1st National

Wilson's Creek National Battlefield is home to one of the finest publicly held museum collections representing the American Civil War in the Trans-Mississippi West Theater.

The park also houses a substantial library collection, theJohn K. and Ruth Hulston Civil War Research Library, which includes around 15,000 cataloged books and items such as regimental histories for many Civil War units.

To search for Civil War research resources available through the Wilson's Creek research library:

  • Visit NPS LIBRIS Discovery (read-only public libary catalog)
  • Choose SIMPLE or ADVANCED search
  • Set the LOCATION search limit to WICR
  • Enter your search term(s)
  • Click SEARCH

The museum collections include historic objects and documents from many of the battles in the Trans-Mississippi Theatre of the War. The collections also contain objects from prisoner of war camps where Trans-Mississippian soldiers were detained and perished, items documenting battlefield medicine and advances in treatment, objects and documents that lead to a greater understanding of the role of women in the Civil War, and items documenting the naval aspect of warfare in the Trans-Mississippi Theater.

The collections also contain over 1,500 images of Civil War soldiers, battlefields, and civilians; a large field ordnance collection; period furniture; drawings by soldiers; an extensive medical tools and equipment collection; uniforms, hats, and other textiles; household objects; saddles, and saddle bags; and many personal items from soldiers that include grooming kits, playing cards, dice, dominoes, tobacco pipes, and housewife kits (sewing kits). The park's extensive archival collections include personal diaries and journals, civilian and military correspondence, and military orders.

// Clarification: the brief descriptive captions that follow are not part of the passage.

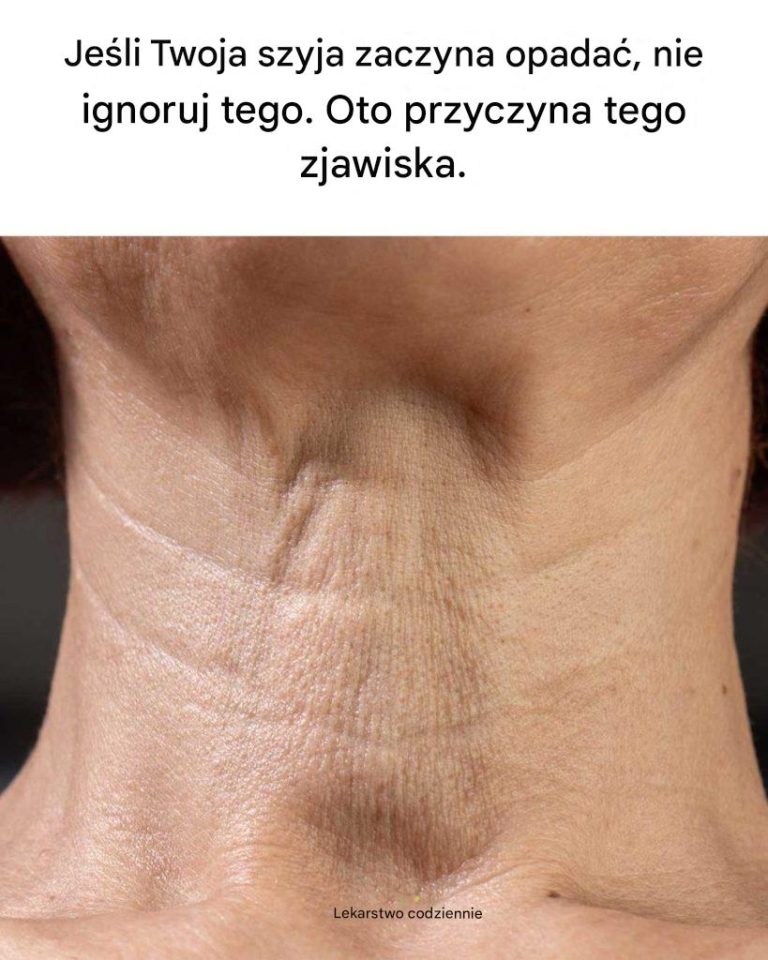 Jeśli Twoja szyja zaczyna zwisać, nie ignoruj ​​tego. Oto dlaczego tak się dzieje.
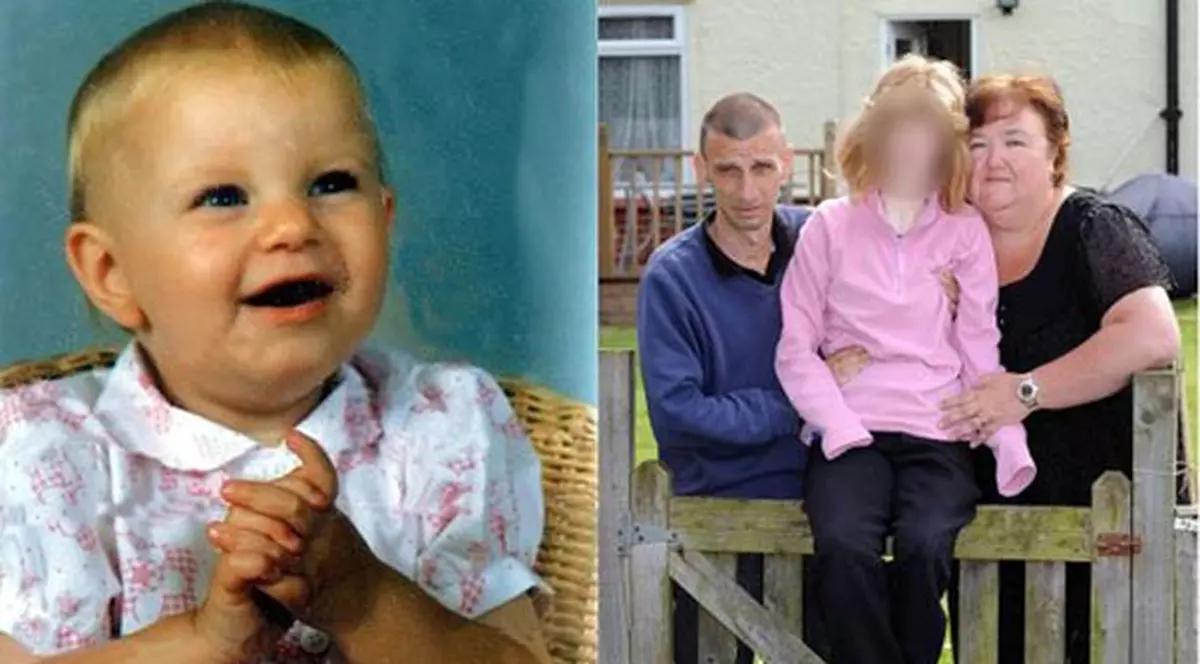 POZE ŞOCANTE: Povestea fetiţei arse în proporţie de 90%. Impresionat!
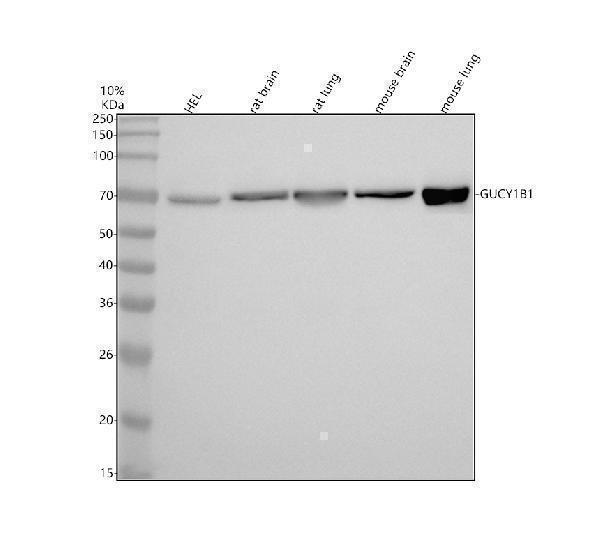 Western blot analysis of GUCY1B1 using anti-GUCY1B1 antibody (M32396)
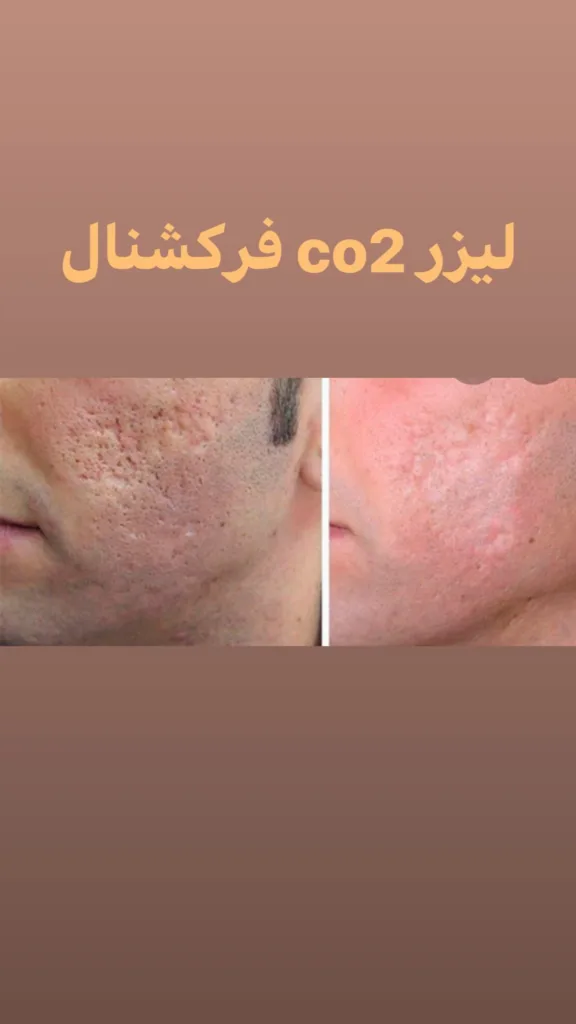 نمونه لیزر مطب دکتر ساسان فرحناکی کرمانشاه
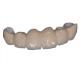 Smooth Surface Porcelain Dental Crown Restore Chewing Power Good Stability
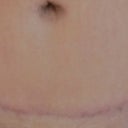My 6 mo. PO scar.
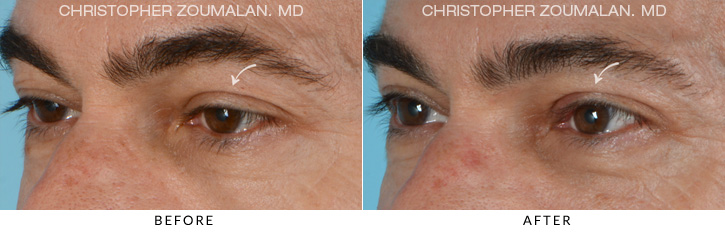Ptosis Surgery Before & After Photo - PATIENT SEEING SIDE - Patient 1B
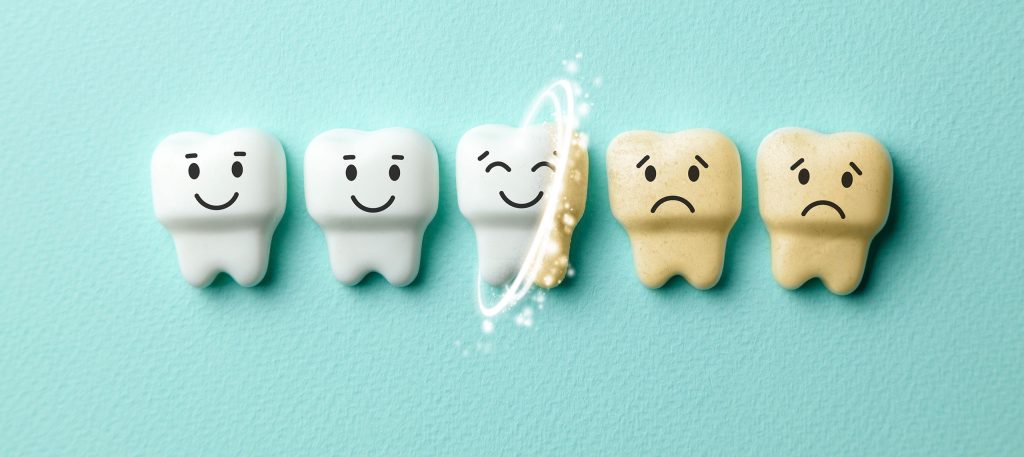 How White Are Your Teeth?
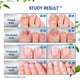 thumbnail image 5 of Tratamiento de hongos OSIMOON Extra Strength para uñas de los pies, 2 paquetes, 5 of 7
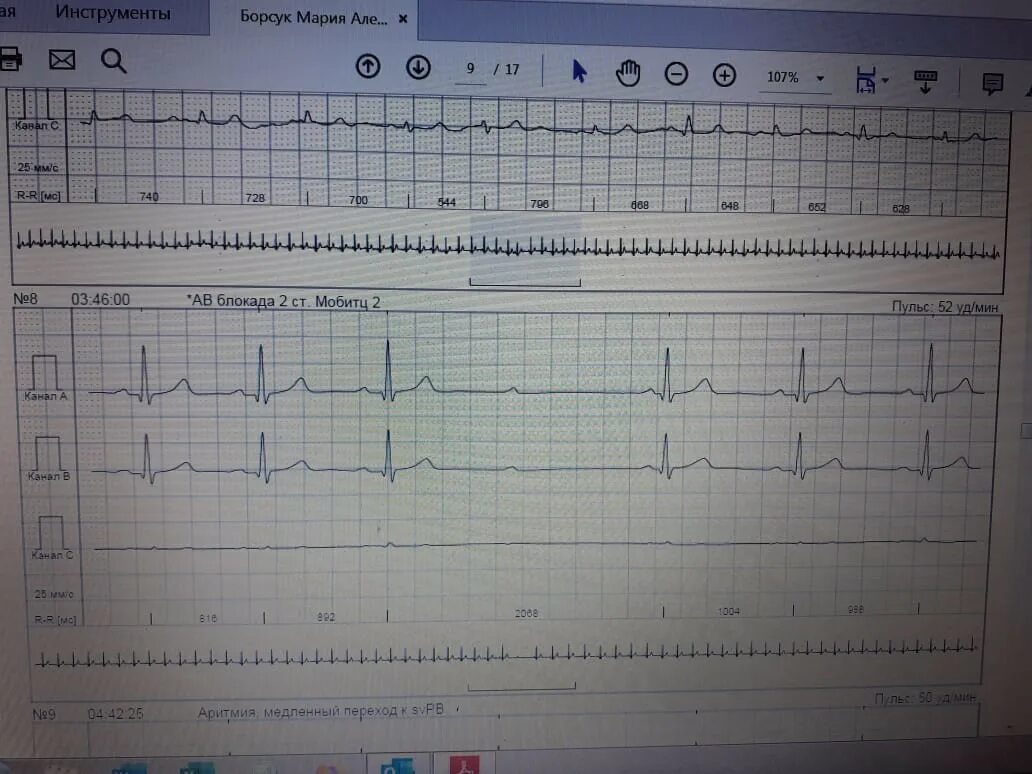 Синусовая блокада 2 степени экг. Холтер ав блокада 2:1. Атриовентрикулярная блокада мобитц 1 на экг. Ав блокада 2 ст 1 типа. Синоатриальная блокада 2 степени 2 типа на экг.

Notable items in the Wilson's Creek museum collections include: a sword belt and sash belonging to Arkansas General Patrick Cleburne, Abolitionist John Brown's telescope and case, Civil War Medals of Honor, rare weapons such as the Gibbs Carbine carried by a soldier in the 10th Missouri Cavalry and an 1860s Henry repeating rifle, the bed where Union General Nathaniel Lyon's body rested before it was removed to Springfield, the Lyon body pass issued by Captain Emmett MacDonald, Lyon's sword and scabbard, and the counterpane used to cover his body after he was killed on the field of battle at Wilson's Creek. The battlefield also has a noteworthy collection of Civil War flags. These include the Confederate Cherokee Mounted Rifles Regimental flag "Cherokee Braves" representing the Cherokee, Creek, Choctaw, Chickasaw, and Seminole soldiers led by Cherokee General Stand Watie; the flag carried by the German immigrants from St. Louis, the Turner Battalion; the Confederate First National flag recovered from the battlefield at Wilson's Creek; and the Confederate Hempstead Rifles flag carried by Company H, 17th Arkansas Infantry.

Virtual Museums

Historic battle flag includes three stripes, 11 white stars, 5 red stars, and the words Cherokee Braves
The only known example of a Confederate American Indian regimental flag

Cherokee Braves Flag and the Centennial One Object Exhibit

The flag symbolizes the Cherokee Nation's support of the Confederacy. The pattern copies the Confederate First National flag: the circle of 11 white stars represents the states that formed the Confederacy. Within the circle are five red stars for each of the "Civilized Tribes" – the Choctaws, Seminoles, Chickasaws, and Creeks (with the large center red star representing the Cherokees). The words "Cherokee Braves" announce the unit's fighting resolve at the beginning of the war.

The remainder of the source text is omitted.